BOWLING GREEN -- Anderson Arena will cease to exist as a basketball venue a month or so from now. Special ceremonies are scheduled for the final appearances by Bowling Green's basketball teams. They'll bring back some Falcon greats. It will be emotional. It will be touching.
But the real going-away party was last night.
They threw a barn-burner for the old barn.
It was Bowling Green-Toledo the way it's supposed to be, the joint filled to the brim, fans sitting in aisles, the thermostat on tilt.
The Rocket women won 66-65 and snapped BG's 23-game homecourt winning streak, the sixth longest in the nation. It was only the eighth time in three decades UT had won here.
"Yeah, we talked about that a little, I'm not going to lie," said Melissa Goodall, UT's senior forward. "Anytime you're retiring an arena that has caused so much grief in the past … we wanted to make one last good memory."
And memorable it was, both for and because of the 3,315 fans that had the venerable building rocking with an electric atmosphere. The majority of them went home disappointed, but nobody asked for their money back.
Toledo won because they were physical with the Falcons from the opening tip.
Freshman Andola Dortch keyed the defensive approach against BG's fine point guard Tracy Pontius, and kept the Falcons out of the fast break where they can be so deadly. Jessica Williams stuck to the sensational Lauren Prochaska like glue and kept her moving off a spot. Melissa Goodall, Lecretia Smith and Yolanda Richardson bodied-up inside, provided plenty of help, hit the boards, and limited BG's second-chance opportunities.
And we haven't even mentioned UT point guard Naama Shafir, who was simply the difference-maker on the floor from start to finish. The Rocket junior set the tone with drives to open both halves and scored 21 points.
"What makes Naama so fantastic is her change of pace, [the] change of direction on the dribble," said BG coach Curt Miller. "She's fast, but she changes speeds and is a nightmare to defend."
Still, the final score was one point. That's because BG, even in a nightmare, is like Dracula. Unless you drive the stake at the perfect angle the Falcons die hard.
Prochaska and Pontius were held to 11 and four points, half of their normal combined production. Pontius did not have a field goal all night, then nailed an off-balanced, 3-point bomb while almost falling into the BG bench with 21.3 seconds left to bring the Falcons within 63-62.

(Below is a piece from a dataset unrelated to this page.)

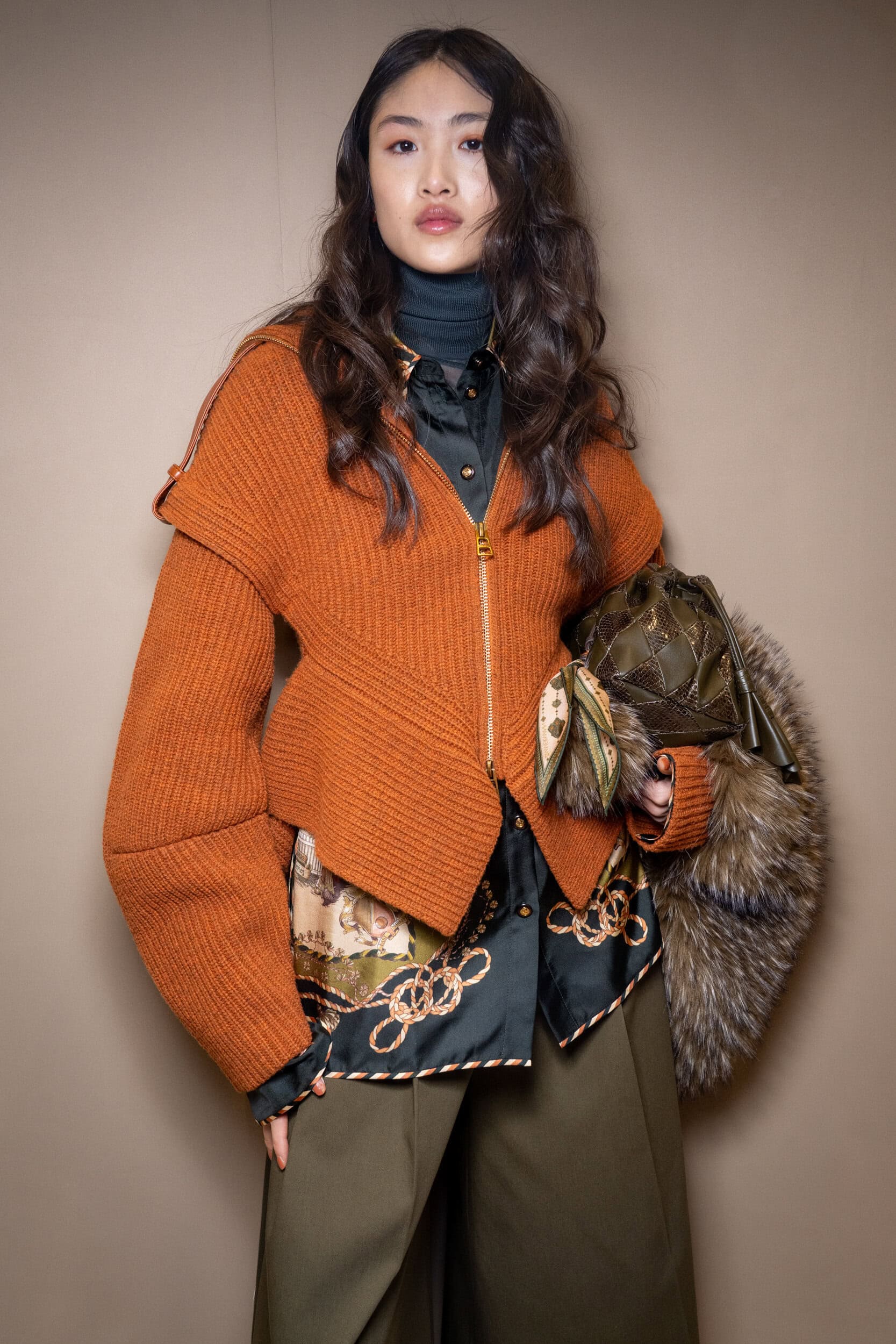 Zimmermann Fall 2026 Fashion Show Backstage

There weren't many folks in Anderson who didn't figure the Falcons were going to find a way to win after that because BG doesn't lose often anywhere, especially here in the friendly confines. But Goodall had a huge rebound of a missed free throw, was fouled, and punched in a pair from the line to restore a four-point edge. The Rockets held on from there to post a second regular-season win over BG in as many years.
"I told our kids to look at all the banners hanging up there; the pressure was all on them," said UT coach Tricia Cullop. "The recent history is BG owns the MAC. We'd like to change that."
We won't try to analyze whether anything changed last night. Goodall talked about how the Rockets beat BG a year ago at Savage Arena, too, but didn't get it done when they met again in the MAC tournament. Yes, there are a lot of banners here, a lot of memories, too.
Last night was a wild way to say goodbye.